▸ **What is required**
The records below must be reproduced exactly. Strip out the pictures.

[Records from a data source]
- Opening Delimiter -

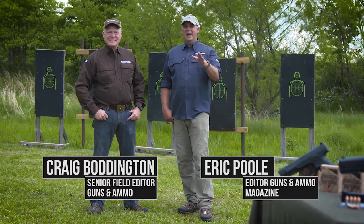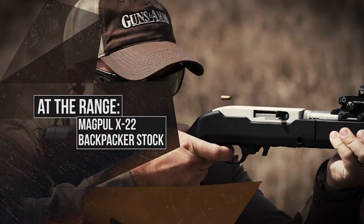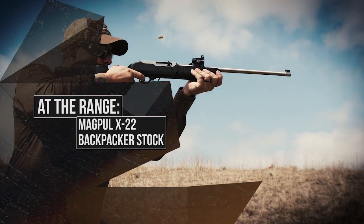Welcome to Guns & Ammo TV, and thanks for joining us. I'm Craig Vaudington, and I'm Eric Poole. At the range this week, we're going to introduce Magpul's new Backpacker Stock, which is a versatile accessory for the Ruger 10-22 takedown models.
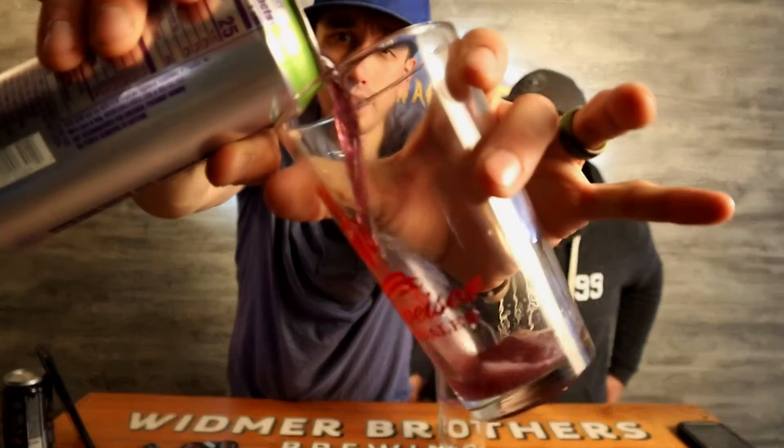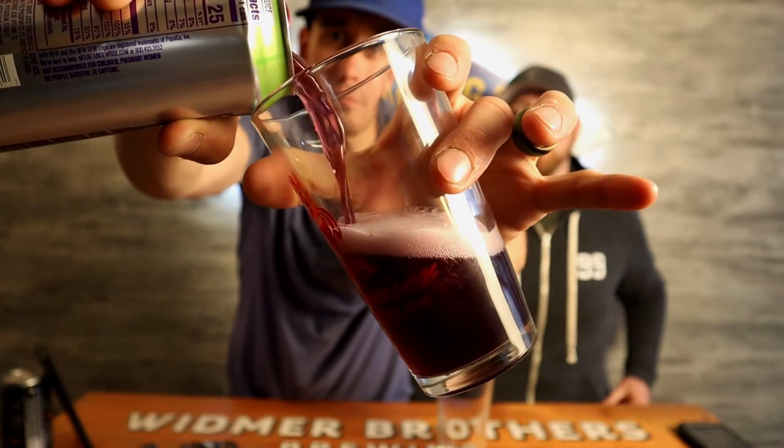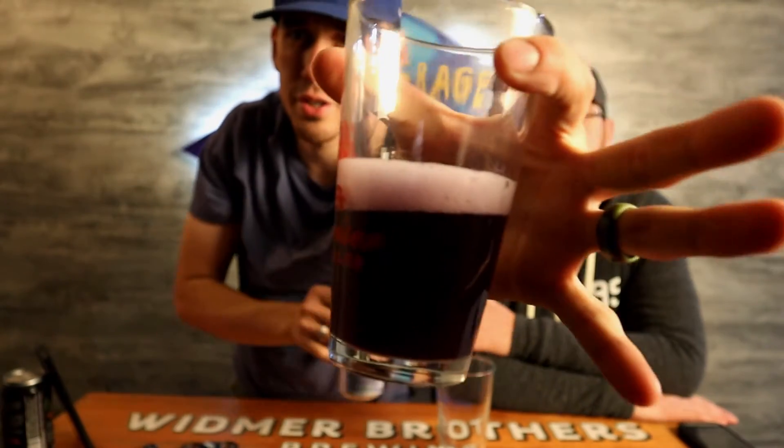This smells like something from Mountain Dew — was it one of their Amp drinks? It definitely gives an Amp vibe. I don't know if I've ever tried one of the berry-flavored Amps, but I'm definitely getting that Amp vibe. Here's the color on this one — look at that, we got some purple!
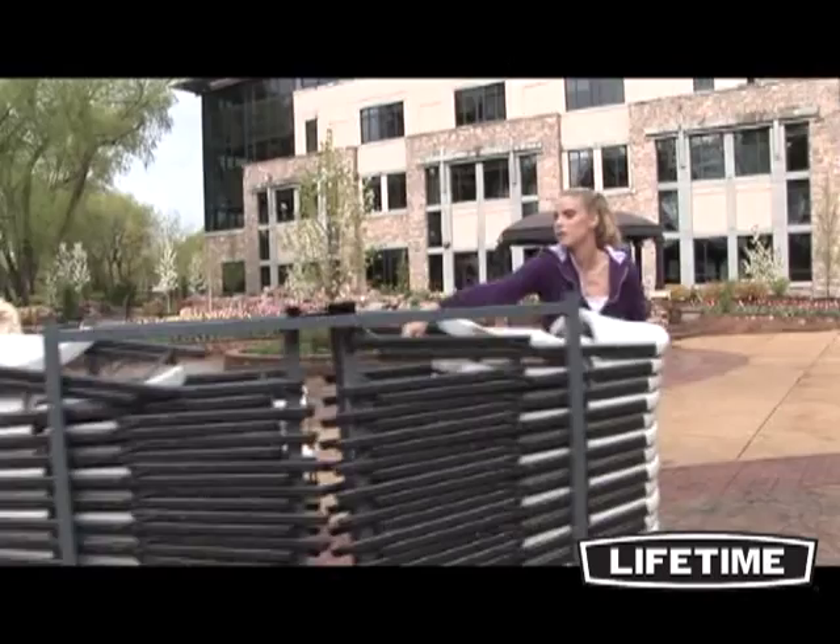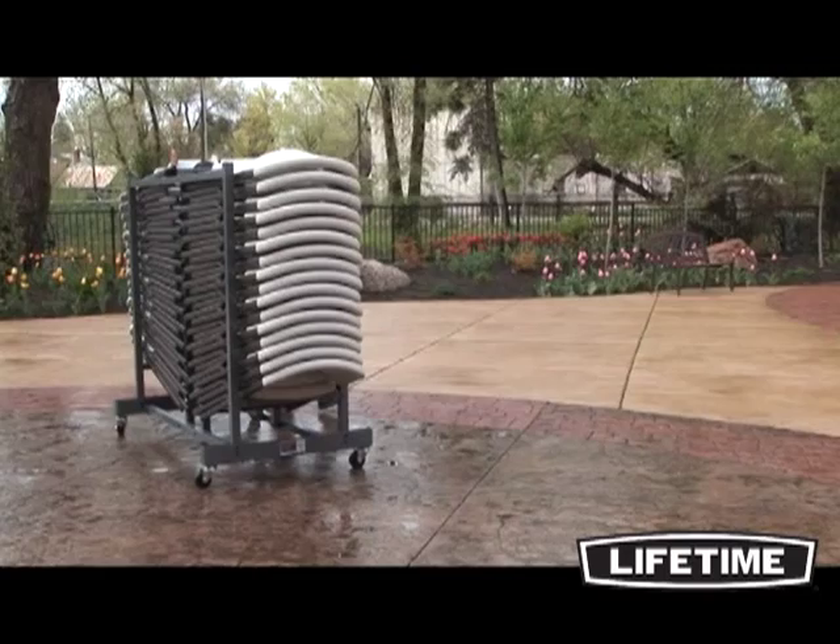So enjoy the convenience of the Lifetime chair cart for your next banquet, meeting, or group gathering. With our quality construction and innovative designs, Lifetime's tables and chairs are perfect for your next event, and our chair cart will make the setup and takedown easy.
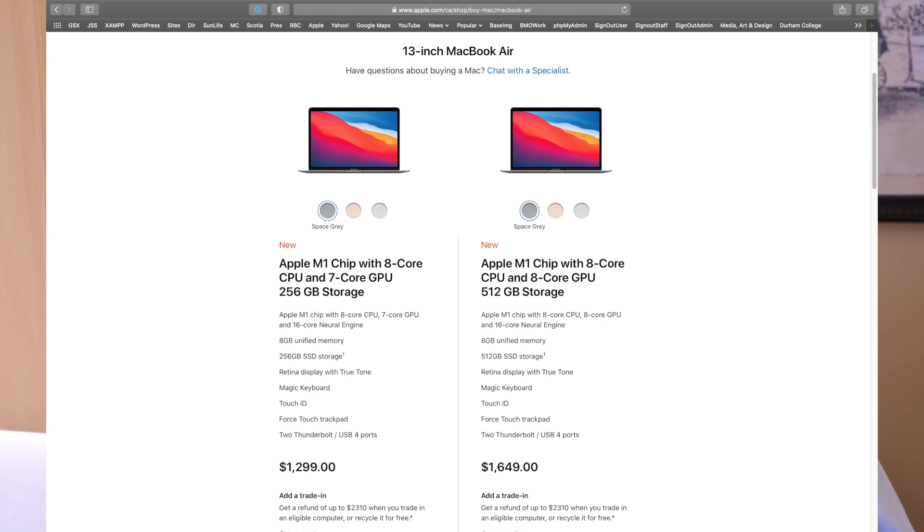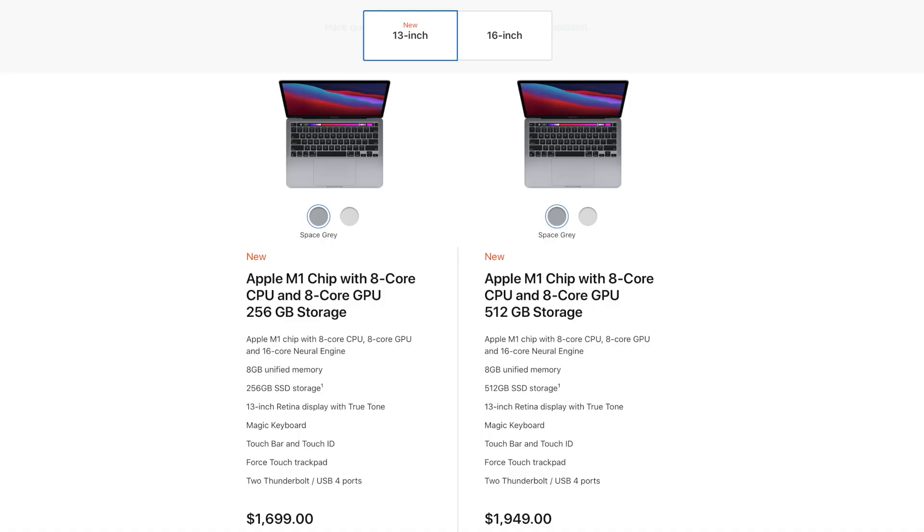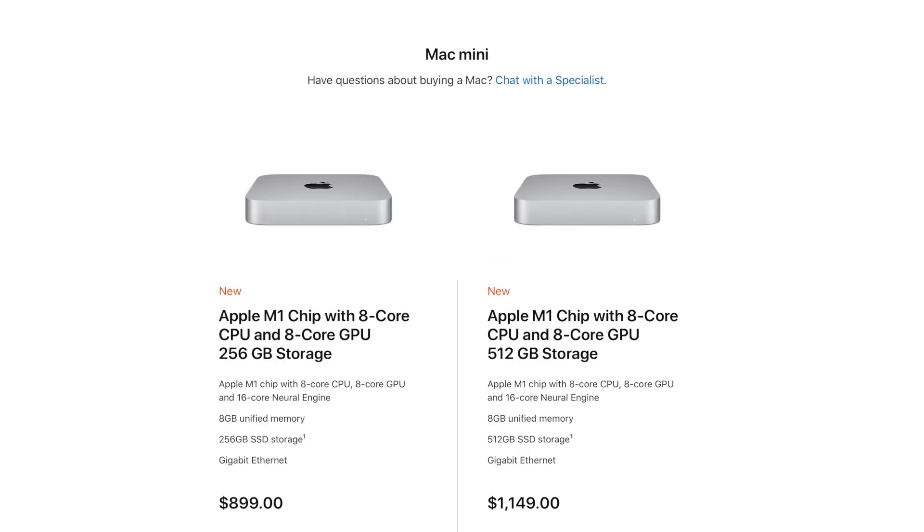Here in Canada, for normal humans: the 13-inch MacBook Air with 8 gigs of unified memory and 256 gigs of solid-state storage is $1,299. If you want 512 gigs of storage, it's $1,649. They do take trade-ins for certain Macs. The MacBook Pro 13-inch starts at $1,699 with 256 gigs of storage, and $1,949 for 512 gigs. You can customize these to some degree. The Mac Mini starts at $899 Canadian, and $1,149 if you want 512 gigs of storage.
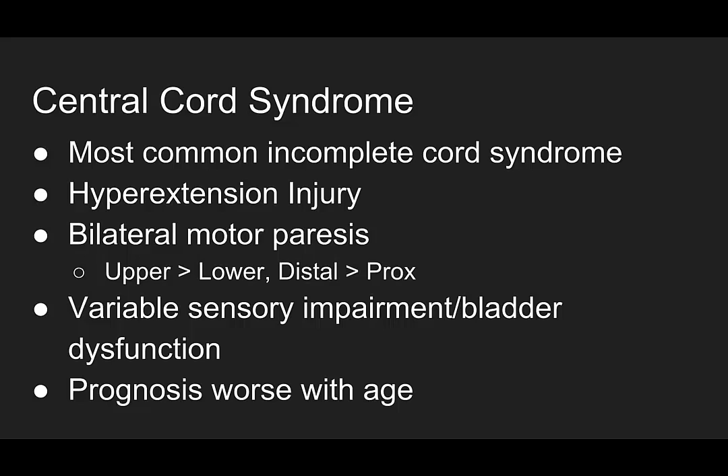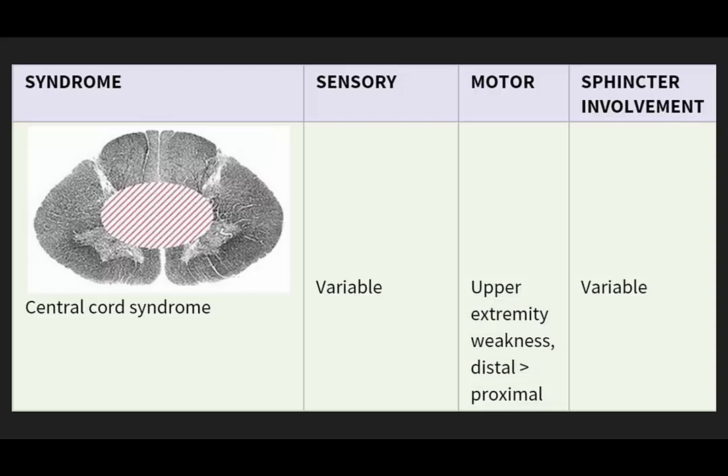Central cord syndrome is the most common incomplete cord syndrome, caused by a hyperextension injury of the neck. It usually gives you bilateral motor paresis, with the upper extremities more affected than the lower, and the distal muscle groups more than the proximal. You'll have varying sensory impairment and varying bladder dysfunction, but the prognosis for central cord syndrome is worse with age. Here's a diagram — a little picture that may help bring it home — showing where the injury is: right in the center of the cord.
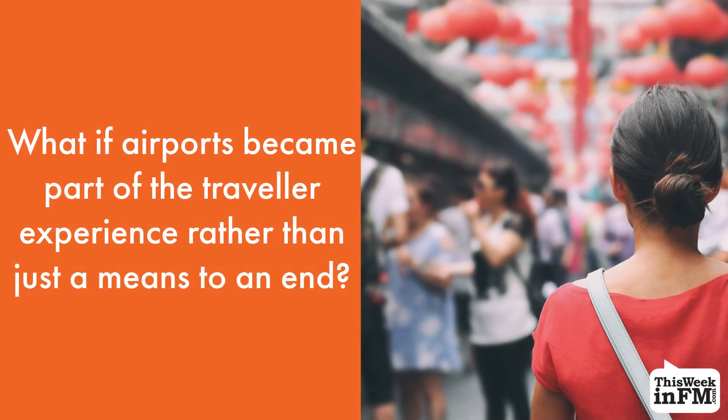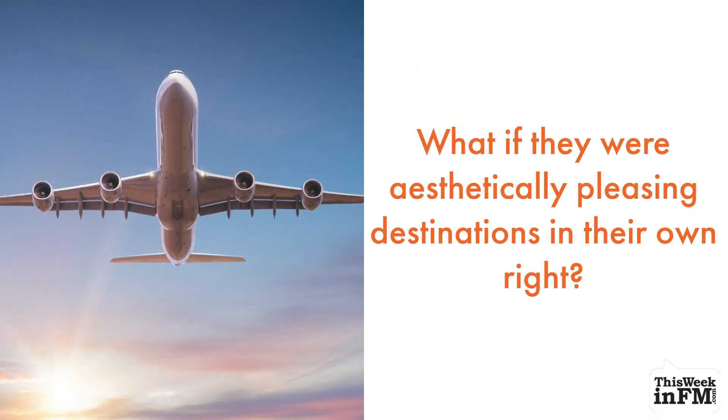What if airports became part of the traveller experience rather than just a means to an end? What if they were aesthetically pleasing destinations in their own right?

- Closing Delimiter -

▸ **Answer for the task**
Welcome to Guns & Ammo TV, and thanks for joining us. I'm Craig Vaudington, and I'm Eric Poole. At the range this week, we're going to introduce Magpul's new Backpacker Stock, which is a versatile accessory for the Ruger 10-22 takedown models.
This smells like something from Mountain Dew — was it one of their Amp drinks? It definitely gives an Amp vibe. I don't know if I've ever tried one of the berry-flavored Amps, but I'm definitely getting that Amp vibe. Here's the color on this one — look at that, we got some purple!
So enjoy the convenience of the Lifetime chair cart for your next banquet, meeting, or group gathering. With our quality construction and innovative designs, Lifetime's tables and chairs are perfect for your next event, and our chair cart will make the setup and takedown easy.
Here in Canada, for normal humans: the 13-inch MacBook Air with 8 gigs of unified memory and 256 gigs of solid-state storage is $1,299. If you want 512 gigs of storage, it's $1,649. They do take trade-ins for certain Macs. The MacBook Pro 13-inch starts at $1,699 with 256 gigs of storage, and $1,949 for 512 gigs. You can customize these to some degree. The Mac Mini starts at $899 Canadian, and $1,149 if you want 512 gigs of storage.
Central cord syndrome is the most common incomplete cord syndrome, caused by a hyperextension injury of the neck. It usually gives you bilateral motor paresis, with the upper extremities more affected than the lower, and the distal muscle groups more than the proximal. You'll have varying sensory impairment and varying bladder dysfunction, but the prognosis for central cord syndrome is worse with age. Here's a diagram — a little picture that may help bring it home — showing where the injury is: right in the center of the cord.
What if airports became part of the traveller experience rather than just a means to an end? What if they were aesthetically pleasing destinations in their own right?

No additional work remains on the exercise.